One of the most annoying and misleading things in the DJ world is the "experimental" moniker, which lumps those who make a career out of being clever (Ooooh! He just mixed Guns N' Roses with Grand Master Flash!) with those who truly innovate. So it would be easy to dismiss Manchester wonder boy Mr. Scruff for his cutesy protozoa-like cartoons or his fascination with '70s-era children's TV shows if it weren't for the fact that his music, a catchy blend of off-kilter hip-hop, acid jazz, '70s funk, and broken beat, can rock the dance floor and make a record geek smile knowingly at the same time.
Actually, his latest effort, Trouser Jazz, is less experimental than it is a musical glimpse into the manic and improvisational mind of Scruff, who's able to temper his vinyl junkie urge to drop rare groove samples with that of a practiced club jock who knows how to get his audience to shake it. You might detect a little disco keyboard or a James Brown funk in any given cut, but Trouser Jazz reshuffles these themes in an order purely its own.

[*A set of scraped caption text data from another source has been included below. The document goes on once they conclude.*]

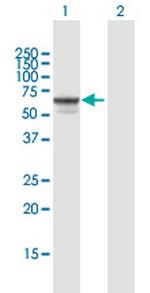 SGSH Polyclonal Antibody, MaxPab™
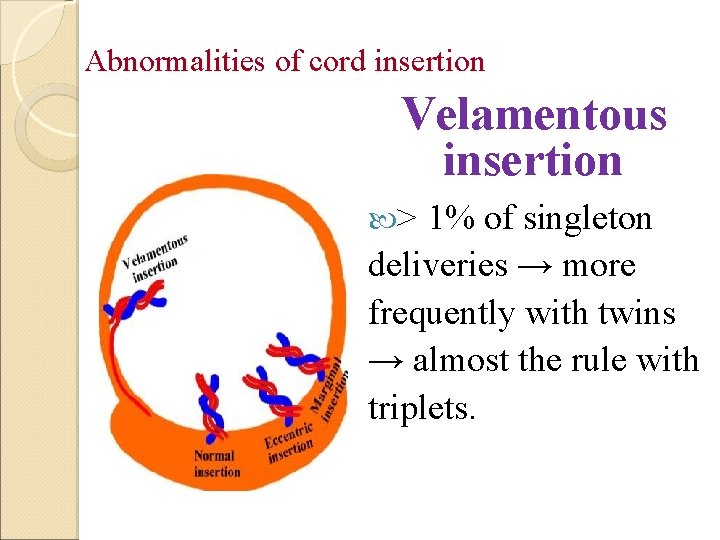 Abnormalities of cord insertion Velamentous insertion > 1% of singleton deliveries → more frequently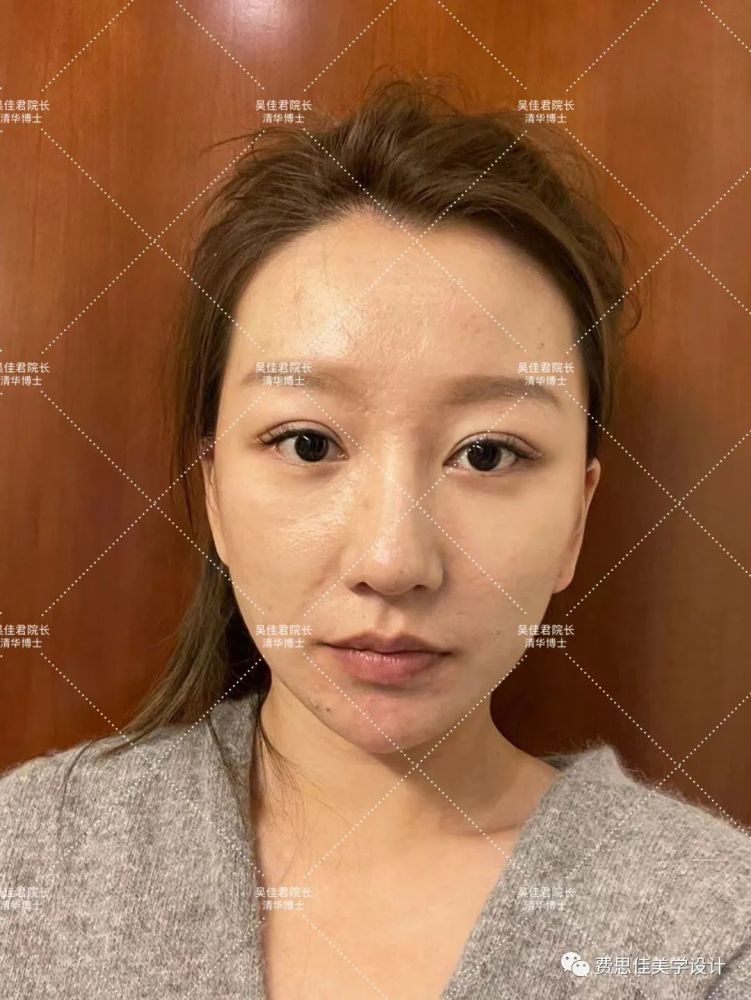 术后2个月侧面 做完小拉皮手术早期会有哪些感受?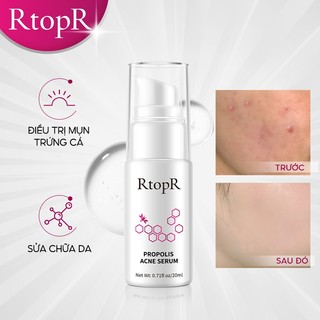 Serum hỗ trợ trị Mụn Trứng RtopR 20ml Giảm Vết Thâm Thu Nhỏ Lỗ Chân Lông Tăng Cường Và Phục Hồi Sâu
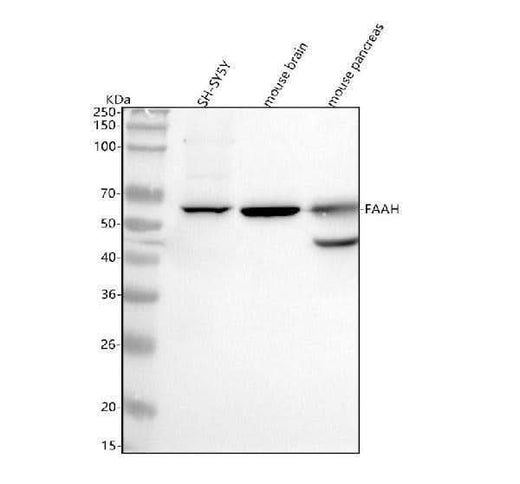 Anti-FAAH1 Rabbit Monoclonal Antibody Boster Bio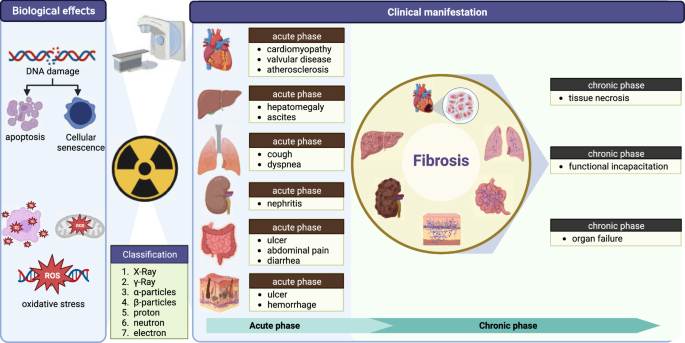 Tissue fibrosis induced by radiotherapy: current understanding of the  molecular mechanisms, diagnosis and therapeutic advances | Journal of  Translational Medicine | Springer Nature Link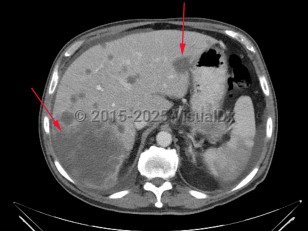 Imaging Studies image of Liver cancer - imageId=7884783. Click to open in gallery.  caption: '<span>Large low attenuation lesion in  the right lobe of the liver as well as several other smaller low  attenuation lesions consistent with metastatic disease to the liver.</span>'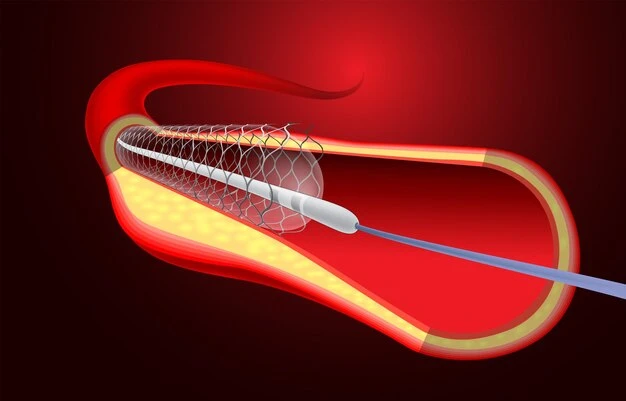 Angioplastia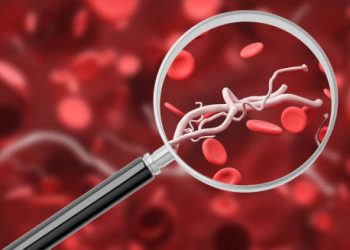 Magnified view of abnormal blood vessels among red blood cells, symbolising vascular irregularities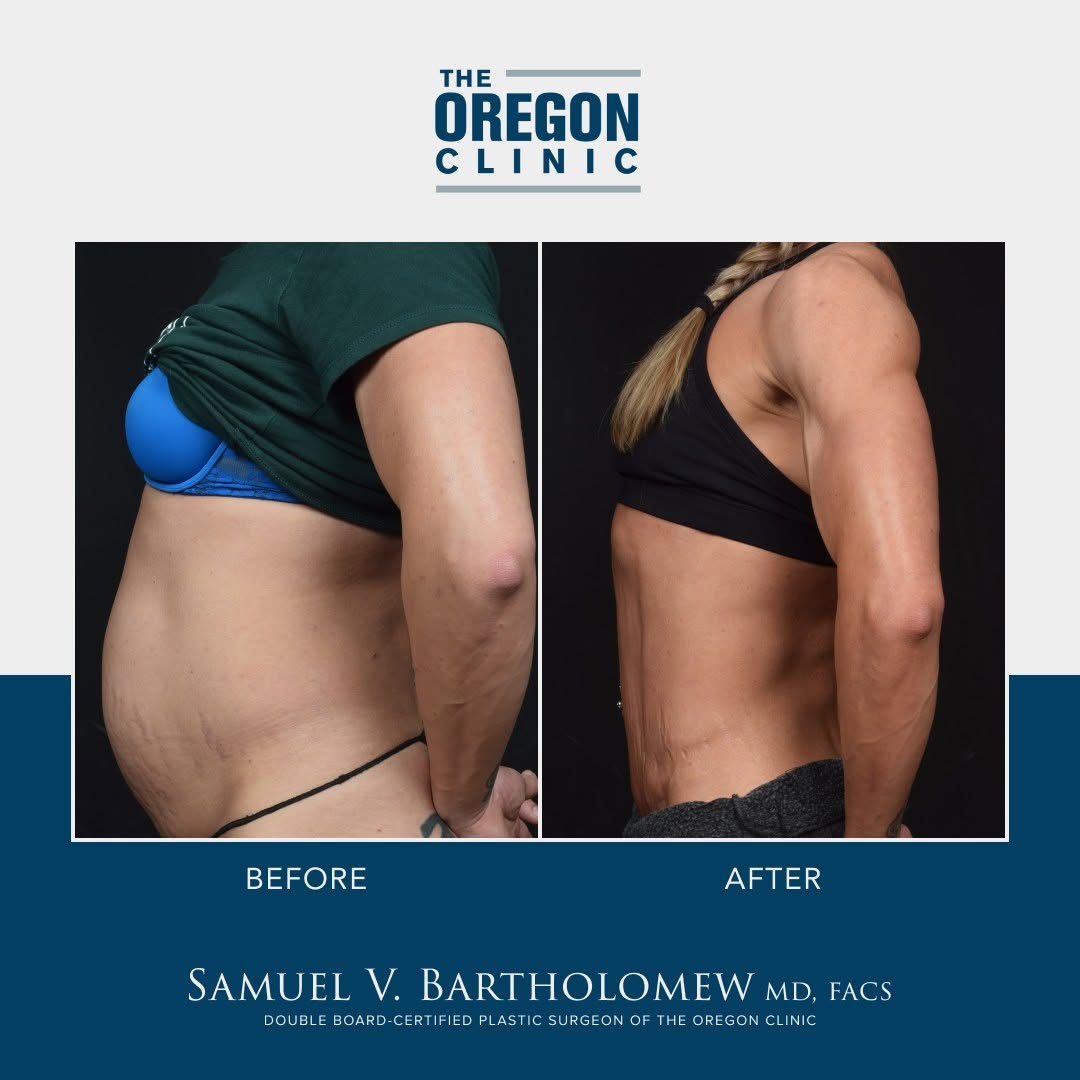 Instagram post by Dr. Samuel V. Bartholomew: Check out these amazing results! My patient is a mother of 2 and has a history of a hysterectomy with large epigastric hernia and rectus dia…
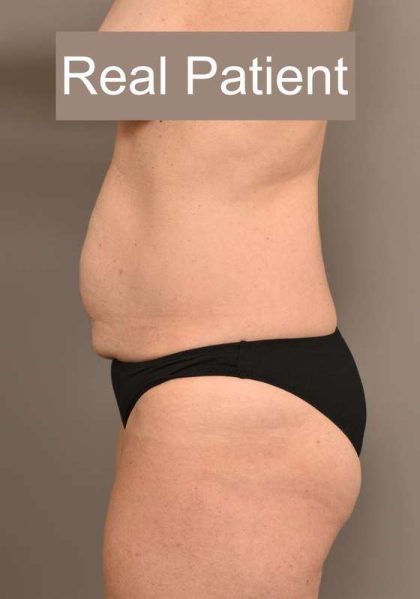 Tummy Tuck Before & After Patient #296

Scruff's live DJ sets are famously all over the place, and he constantly pulls the rug out from under his audience before they get too settled into one kind of groove. But while Trouser Jazz reflects his short attention span behind the decks, the record never feels skittish or abrasive. There's a warm goofiness that runs throughout, and nearly every cut is anchored by a funky bass line or the kind of house party beats you could bump in your living room. Scruff throws a lot of curve balls and a few of them miss, but he always manages to win you back with the next track. There's something exhilarating about not knowing where you're going, but knowing that it's gonna be good.